PRISM: Parallel Residual Iterative Sequence Model
Jie Jiang, Ke Cheng, Xin Xu, Mengyang Pang, Tianhao Lu, Jiaheng Li, Yue Liu, Yuan Wang, Jun Zhang, Huan Yu, Zhouchen Lin

TL;DR
PRISM is a novel parallelizable sequence model that combines the expressivity of iterative refinement with the efficiency of linear models, achieving high throughput without sacrificing performance.
Contribution
PRISM introduces a solver-inspired inductive bias and a two-stage proxy architecture to enable parallel multi-step refinement in sequence modeling.
Findings
Achieves Rank-$L$ accumulation, expanding the update manifold.
Attains performance comparable to explicit optimization methods.

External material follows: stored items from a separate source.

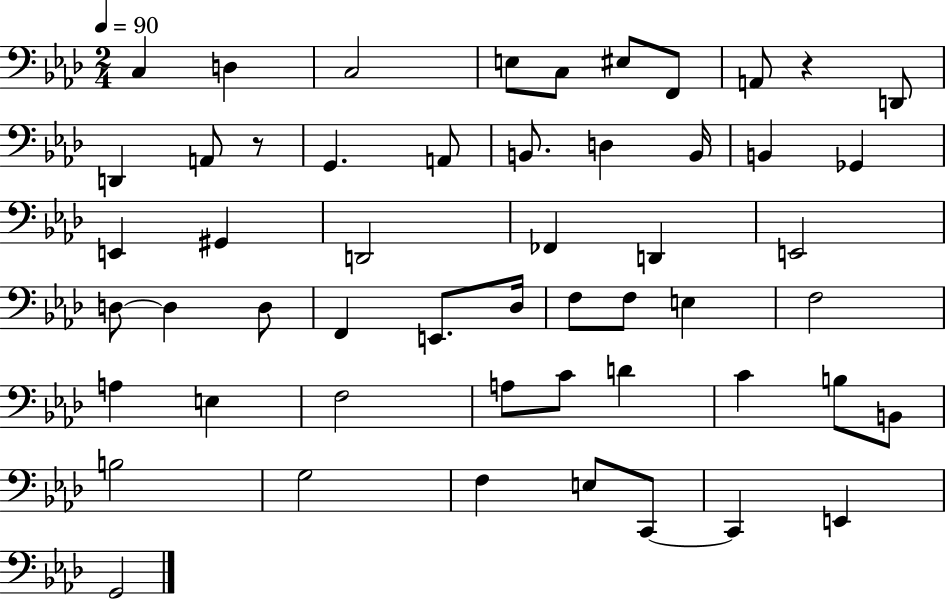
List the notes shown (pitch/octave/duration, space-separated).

C3/q D3/q C3/h E3/e C3/e EIS3/e F2/e A2/e R/q D2/e D2/q A2/e R/e G2/q. A2/e B2/e. D3/q B2/s B2/q Gb2/q E2/q G#2/q D2/h FES2/q D2/q E2/h D3/e D3/q D3/e F2/q E2/e. Db3/s F3/e F3/e E3/q F3/h A3/q E3/q F3/h A3/e C4/e D4/q C4/q B3/e B2/e B3/h G3/h F3/q E3/e C2/e C2/q E2/q G2/h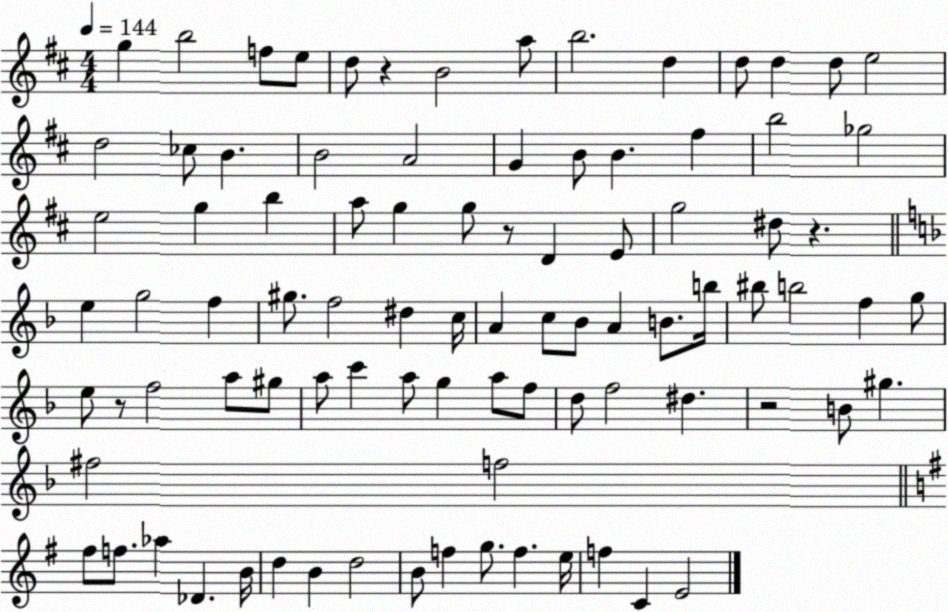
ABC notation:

X:1
T:Untitled
M:4/4
L:1/4
K:D
g b2 f/2 e/2 d/2 z B2 a/2 b2 d d/2 d d/2 e2 d2 _c/2 B B2 A2 G B/2 B ^f b2 _g2 e2 g b a/2 g g/2 z/2 D E/2 g2 ^d/2 z e g2 f ^g/2 f2 ^d c/4 A c/2 _B/2 A B/2 b/4 ^b/2 b2 f g/2 e/2 z/2 f2 a/2 ^g/2 a/2 c' a/2 g a/2 f/2 d/2 f2 ^d z2 B/2 ^g ^f2 f2 ^f/2 f/2 _a _D B/4 d B d2 B/2 f g/2 f e/4 f C E2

Provides 174x higher throughput than traditional iterative methods.
Abstract
Generative sequence modeling faces a fundamental tension between the expressivity of Transformers and the efficiency of linear sequence models. Existing efficient architectures are theoretically bounded by shallow, single-step linear updates, while powerful iterative methods like Test-Time Training (TTT) break hardware parallelism due to state-dependent gradients. We propose PRISM (Parallel Residual Iterative Sequence Model) to resolve this tension. PRISM introduces a solver-inspired inductive bias that captures key structural properties of multi-step refinement in a parallelizable form. We employ a Write-Forget Decoupling strategy that isolates non-linearity within the injection operator. To bypass the serial dependency of explicit solvers, PRISM utilizes a two-stage proxy architecture: a short-convolution anchors the initial residual using local history energy, while a learned…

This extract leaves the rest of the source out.